Preventing Financial Information Theft
Financial fraudsters can gain access to your online banking information, credit card accounts, and other financial documents, leading to devastating consequences such as the depletion of your savings, unauthorised purchases, and identity theft. To protect your financial information from these scammers, consider the following tips:
- Store sensitive documents securely: Keep important documents, such as your birth certificate, Social Security number, passport, bank statements, and unused credit cards, in a secure location or safe to prevent theft.
- Never provide sensitive information over the phone or via text/email: Financial institutions will never ask for your passwords, PIN numbers, or account numbers. Be cautious of callers posing as representatives and requesting this information. If in doubt, disconnect the call and verify the legitimacy of the request by contacting the institution directly.

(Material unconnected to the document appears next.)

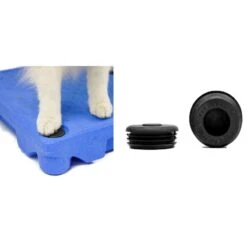 Lot De 4 Pieds De Table De Proprioception (KLIMB Non-Skid Sure Feet)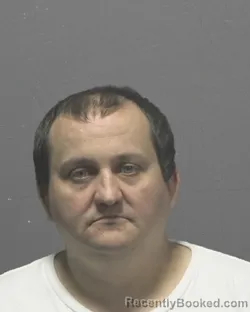Mugshot of SEAN CAMERON WIGHT booked in New Hanover County, North Carolina on May 24, 2026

- Avoid sending sensitive information via text or email: Text messages and emails are not secure or well-encrypted channels for sharing personal or financial data. Refrain from transmitting PINs, credit card numbers, passwords, or any sensitive information through these means.
- Utilise additional safeguards for your accounts: Many financial institutions offer extra security measures such as voice verification or push notifications for mobile banking transactions. Enrol in these features to enhance the protection of your accounts.
- Keep contact information up to date: Ensure that your financial institutions have current contact information so that they can reach you in the event of unusual account activity.
- Create strong and unique PIN numbers: Avoid using numbers that can be easily guessed, such as your birthdate or phone number. Shield the keypad when entering your PIN at ATMs or checkout lanes, and never write it down or store it in your wallet or purse.
- Be cautious at gas station pumps and outside ATMs: Scammers often install card skimmers at these locations to obtain your card information. Minimise the use of your cards in these areas to reduce the risk of falling victim to skimming devices.
- Utilise encrypted digital wallets: Digital wallets provide an added layer of security by using a digital card number instead of your direct debit or credit card information during purchases.
- Prefer credit cards over debit cards: While credit cards may seem similar to debit cards, they offer greater security and protection against fraudulent activities. Credit cards typically provide zero liability policies, allowing you to dispute unauthorised charges and minimise the impact of fraud.
- Opt for paperless billing and statements: By signing up for online billing and financial statements, you can prevent criminals from stealing your sensitive information from physical mailboxes.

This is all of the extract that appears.